Scary Compiler Code Motion

I ran across this blog post about reader-writer locks and thought it would be fun to present them to the Advanced Operating Systems class that I’m running this spring. Here’s my version of the code, which needed to be adapted a bit to work with GCC:

struct RWSpinLock
{
  volatile uint32_t lock;
};

void LockReader(struct RWSpinLock *l)
{
  while (1) {
    uint32_t OldLock = l->lock & 0x7fffffff;
    uint32_t NewLock = OldLock + 1;   
    if (__sync_val_compare_and_swap(&l->lock, OldLock, NewLock) == OldLock) 
      return;
  }
}
  
void UnlockReader(struct RWSpinLock *l)
{
  __sync_sub_and_fetch(&l->lock, 1);
}

void LockWriter(struct RWSpinLock *l)
{
 again:
  {
    uint32_t OldLock = l->lock & 0x7fffffff;
    uint32_t NewLock = OldLock | 0x80000000;    
    if (!(__sync_val_compare_and_swap(&l->lock, OldLock, NewLock) == OldLock)) 
      goto again;
    while (l->lock & 0x7fffffff) { }
  }
}

void UnlockWriter(struct RWSpinLock *l)
{
  l->lock = 0;
}

At first I was suspicious that some sort of fence is required in the UnlockWriter() function. However, I believe that that is not the case: TSO will naturally make sure that all cores see operations inside the locked region prior to seeing the lock release. On some non-TSO platforms this unlock function would be too weak.

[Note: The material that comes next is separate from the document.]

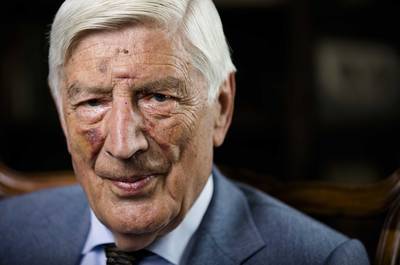 Van Agt wil getuigen over treinkaping De Punt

But the hardware is only one source of reordering that can mess up locks — the compiler is another. The store to the volatile lock field in UnlockWriter() cannot be moved around another access to a volatile-qualified object, but (in my reading of the standard) stores to non-volatile objects can be moved around stores to volatiles.

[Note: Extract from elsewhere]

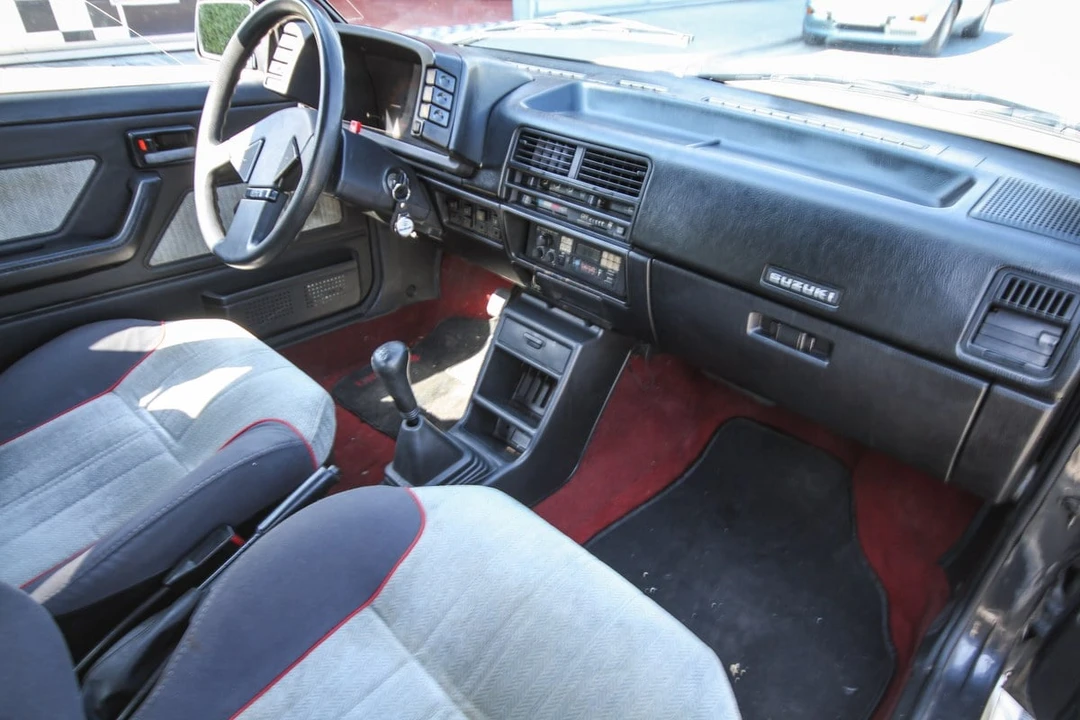 1989 Suzuki - Image 29 of 31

Can we get a compiler to translate the (in principle) broken code into assembly that actually doesn’t work? Turns out this is easy:

int important_data;
struct RWSpinLock l;

void update (void)
{
  LockWriter (&l);
  important_data /= 20;
  UnlockWriter (&l);
}

Using the default compiler on an x86-64 Ubuntu 12.04 machine (GCC 4.6.3) at -O2, the resulting assembly is:

update: movl $l, %edi call LockWriter movl important_data(%rip), %ecx movl $1717986919, %edx movl $0, l(%rip) movl %ecx, %eax sarl $31, %ecx imull %edx sarl $3, %edx subl %ecx, %edx movl %edx, important_data(%rip) ret

Notice that important_data is read inside the lock and written well outside of it. Yikes! Here’s how to stop the compiler from doing that:

void UnlockWriter(struct RWSpinLock *l)
{
  // this is necessary or else GCC will move operations out of the locked region
  asm volatile("" ::: "memory");
  l->lock = 0;
}

Versions of Clang that I tried (3.3 and 3.4 for x86-64) didn’t want to move the store to important_data outside of the lock, but it’s possible that I just wasn’t asking the right way.

February 4, 2014

regehr

Compilers, Computer Science, Software Correctness

21 responses to “Scary Compiler Code Motion”

Jesse Ruderman says:

February 4, 2014 at 3:27 pm

TSO stands for “total store order”.
mcmcc says:

February 4, 2014 at 3:59 pm

The use of ‘volatile’ is a red herring. ‘volatile’ has nothing to do with thread synchronization. Therein lies the problem.
regehr says:

February 4, 2014 at 4:28 pm

Hi mcmcc, I would argue that the volatile variable + the volatile asm touching “memory” are necessary and sufficient to create a correct reader-writer lock for TSO, assuming that we wish to avoid instructions with barrier/fence semantics in the writer unlock code.

Also see:

http://blog.regehr.org/archives/28

Jesse, yep.
kme says:

February 4, 2014 at 7:59 pm

The volatile asm with a memory clobber acts as a compiler barrier regardless of whether l->lock is volatile itself or not – the compiler must assume that the asm might write to l->lock.
Joshua Cranmer says:

February 4, 2014 at 8:33 pm

No, volatile has nothing to do with thread synchronization, as C11 and C++11 reaffirm. You need to use the atomics support to truly get that.
regehr says:

February 4, 2014 at 8:43 pm

Hi Joshua, who said anything about threads? These locks are going to be used in a multicore OS we’re running in class, it runs on bare metal and has no threads.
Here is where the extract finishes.